The biggest boost to the sharemarket will begin later this year with partial asset sales of the state-owned enterprises.

First off the blocks is Mighty River Power which is expected to float around September.

The floats are expected to be widely supported by "mum and dad" investors but questions are being raised about how small-time investors are to get advice.

Advisers say an unintended consequence of the new legislation means they must spend more time assessing their clients' personal financial situations and dealing with paperwork making small-time investors, including those in KiwiSaver, uneconomical.

The cost of giving advice now means there is a gap at the bottom end of the market - an area where people potentially most need advice.

Mr Hughes said he had dealt with the issue before at Australian regulator ASIC because of the large number of low-income earners compulsorily enrolled in the superannuation scheme.

"It leads to the fees versus commission debate. It's probably most acute around KiwiSaver.

"There are some options there where there could be a rebate of commission to investors which would give no disadvantage in seeking advice."

The FMA was keen to work with the Commission for Financial Literacy and Retirement Income and default KiwiSaver providers on the issue, he said.

"There should be some form of low-cost generic advice available to them so at least people have a realistic choice."

Mr Hughes said one of the best lessons people could give themselves was to get hold of the annual or half-yearly statement and see how the performance of the investment was generated.

"I don't think there is a single answer. But what we want to do is not leave them out in the cold."

He also saw New Zealand's future in having fewer regulators.

At present, the financial industry is overseen by the Reserve Bank, the FMA, the Serious Fraud Office, and the stock exchange. Mr Hughes believed that it was too many for the size of the market.

On a personal level, Mr Hughes would also like to see closer ties to Australia to allow investors greater access to products not offered in New Zealand.

"We just don't have the same range of product choices, which is inevitable from the size of the market and the money there to invest in it.

"We in New Zealand need to put the foot on the floor with a single market. A lot has been done in the 29 years since closer economic relations was set up with Australia.

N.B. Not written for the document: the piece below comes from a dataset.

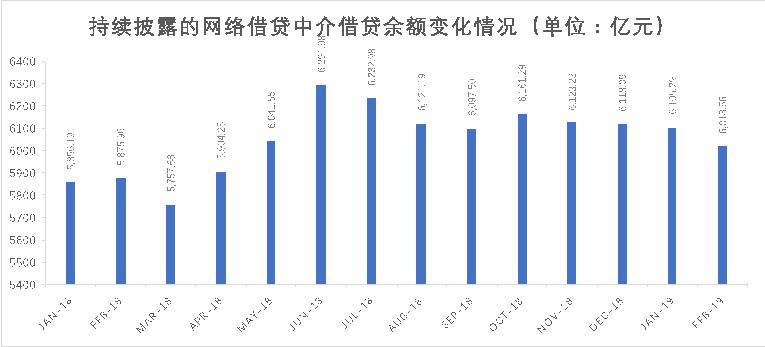 積木盒子謝群談網(wǎng)貸信披：被忽略的公開信息背后隱藏了哪些信號(hào)？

"If we want to increase the range of product offerings we need to speed up opening the barriers with Australia."

FMA wins
September 2011: Three Nathans Finance directors found guilty of making untrue statements in a prospectus and investment statement.

October 2011: Bridgecorp chairman Bruce Davidson gets nine months' home detention after being found guilty of misleading investors in offer documents.

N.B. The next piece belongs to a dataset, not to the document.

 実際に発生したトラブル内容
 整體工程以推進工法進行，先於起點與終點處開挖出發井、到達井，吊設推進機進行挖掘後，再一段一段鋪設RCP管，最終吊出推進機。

December 2011: National Finance head Trevor Allan Ludlow pleads guilty to misleading investors. Nine months are added to a five-year, seven-month prison term for a case taken against him by the SFO.

February 2012: Four Lombard Finance directors, including former ministers of justice Doug Graham and Bill Jeffries, found guilty on four out of five charges relating to making untrue statements in a 2007 prospectus, investment statement and advertising material.

April 2012: Bridgecorp director Rod Petricevic found guilty on 18 charges for misleading investors and of knowingly making false statements that Bridgecorp had never missed a payment of interest or principal.

Last week, he was sentenced to six years in jail.